Olaf Scholz: Wir haben mehrere Hilfswege auf den Weg gebracht. Einige sind schon unterwegs, andere werden wir jetzt in Kürze, das heißt nächste Woche dem Deutschen Bundestag zur Beschlussfassung vorlegen, so dass die dann auch gleich greifen können.
Das erste ist, dass wir schon letzte Woche ein großes Kreditprogramm auf den Weg gebracht haben, das die Banken in Deutschland in die Lage versetzt, ihren Kunden weiter Kredite zu geben, obwohl die Lage riskant ist. Das heißt, wir haben mit Hilfe unserer Förderbank einen großen Teil der Kreditsicherheit gegeben, die die Kunden, die von Ihnen beschriebenen Geschäftsleute, die Solo-Selbständigen alleine oft gar nicht mehr geben können. Das steht ganz kleinen Unternehmen, Einzelunternehmern genauso zur Verfügung wie mittelständischen Unternehmen und sehr großen. Das weiten wir jetzt noch aus, aber es ist sofort da, und wir reden jetzt überall mit allen Banken, dass sie das Programm genau kennen und auch einsetzen können, denn das ist jetzt scharf geschaltet.
Das zweite ist, dass wir dafür Sorge tragen wollen, dass diejenigen, die jetzt plötzlich kein Einkommen mehr haben, eine Möglichkeit haben, ihren Lebensunterhalt zu bestreiten. Dazu steht in Deutschland das System der Grundsicherung zur Verfügung, das ja für alle offen ist, nicht nur für Arbeitnehmer, sondern auch für Selbständige, und wir wollen jetzt sicherstellen, dass das aber nun in dieser Situation ganz schnell und unbürokratisch geschehen kann, zum Beispiel, indem wir auf die Vermögensprüfung, die normalerweise stattfindet, für ein paar Monate verzichten, so dass man seinen Antrag abgeben kann und sagen kann, was die Mietkosten sind, wie viele Familienangehörige da leben, und dann geht das ganz schnell.
Das dritte ist, dass wir dafür Sorge tragen wollen, dass jemand, der jetzt seine Miete weiterzahlen muss, im Geschäft zum Beispiel, dafür von uns einen Zuschuss bekommt. Darlehen, direkte Hilfe zum Lebensunterhalt und Zuschuss – drei Instrumente, die jetzt zur Verfügung stehen.
Heinemann: Sie haben gesagt, von uns. Wie praktisch kommen Solo-Selbständige an die von Ihnen skizzierten Hilfen?
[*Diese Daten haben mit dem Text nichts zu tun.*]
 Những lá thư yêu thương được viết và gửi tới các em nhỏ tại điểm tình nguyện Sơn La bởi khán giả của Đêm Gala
Scholz: Was die Kredite betrifft, bei der Bank, bei der sie sowieso ein Konto haben, auch wenn das jetzt vielleicht nicht das Konto ist mit den größten Beständen. Die Bank ist eine gute Kundenbeziehung und die hat dann die Gelegenheit, sich an unsere Förderbank zu wenden, damit sie die Sicherheit hat, die der Kunde der Bank gegenwärtig vielleicht gar nicht in diesem Maße liefern kann.
Zweitens: Was die Grundsicherung betrifft, sind dafür die Jobcenter in Deutschland ausgerüstet. Die Bundesagentur und die Jobcenter sorgen jetzt dafür, dass auch genug Mitarbeiter und Technik diese Sachen bewältigen können und dass man vieles möglichst elektronisch machen kann.
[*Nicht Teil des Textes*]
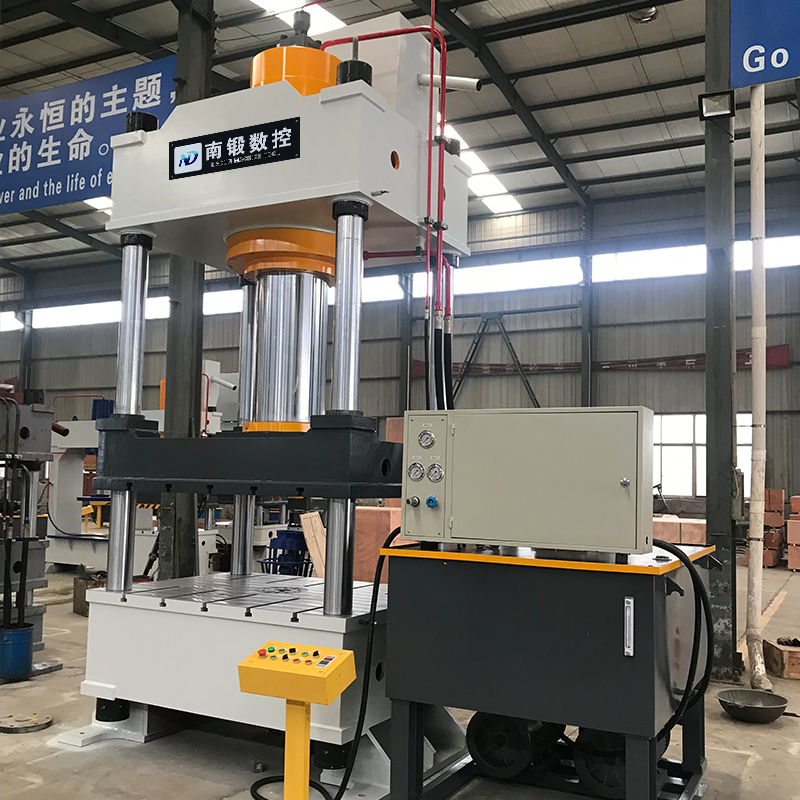 豬產(chǎn)床漏糞板成型油壓機(jī)-315噸成型四柱油壓機(jī)維護(hù)保養(yǎng)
Das vierte: die Direktförderung. Da diskutieren wir heute noch mit den Ländern über die Art und Weise, wie das geschehen soll. Da viele Länder in Deutschland auch Programme abwickeln, ist zum Beispiel die Idee, die wir heute zu Ende besprechen wollen, ob das nicht möglicherweise von den Förderbanken der Länder verwaltet werden kann, denn die machen dann ja auch die Förderprogramme der Länder, so dass man nicht sich an mehrere wenden muss. Meine Idealvorstellung ist, dass die Bank, bei der man sowieso wegen des Kredits nachfragt, diese Beziehung auch aufnimmt, so dass man da gar nicht selber hin muss, und das praktisch als Zuschuss gleich mit einrechnet in die Kreditvergabe.
Gemeinsames Vorgehen oberste Prämisse
Heinemann: Das heißt, trotz unterschiedlicher Geldquellen, Bund und Länder, streben Sie ein einheitliches Verfahren an?
Scholz: Wir wollen gemeinsam vorgehen. Ich habe mich mehrfach mit den Länderfinanzministern unterhalten. Ich habe zusammen mit der Kanzlerin mehrere Gespräche mit den Ministerpräsidentinnen und Ministerpräsidenten der Länder und den Bürgermeistern der Stadtstaaten geführt. Das muss und wird dazu führen, dass das zusammen geht. Wir haben jetzt die Aufgabe, jeden Tag die Sachen vorzubereiten. Am Montag will das Bundeskabinett Beschlüsse fassen. Das heißt, das Wochenende wird mit viel Arbeit noch verbunden sein. Dann hoffen wir, dass der Deutsche Bundestag und der Bundesrat alles nächste Woche schon Gesetz werden lässt, so dass das sofort beginnen kann.
Heinemann: Herr Scholz, noch mal kurz zur Klärung. Welcher Teil der Hilfen muss zurückgezahlt werden?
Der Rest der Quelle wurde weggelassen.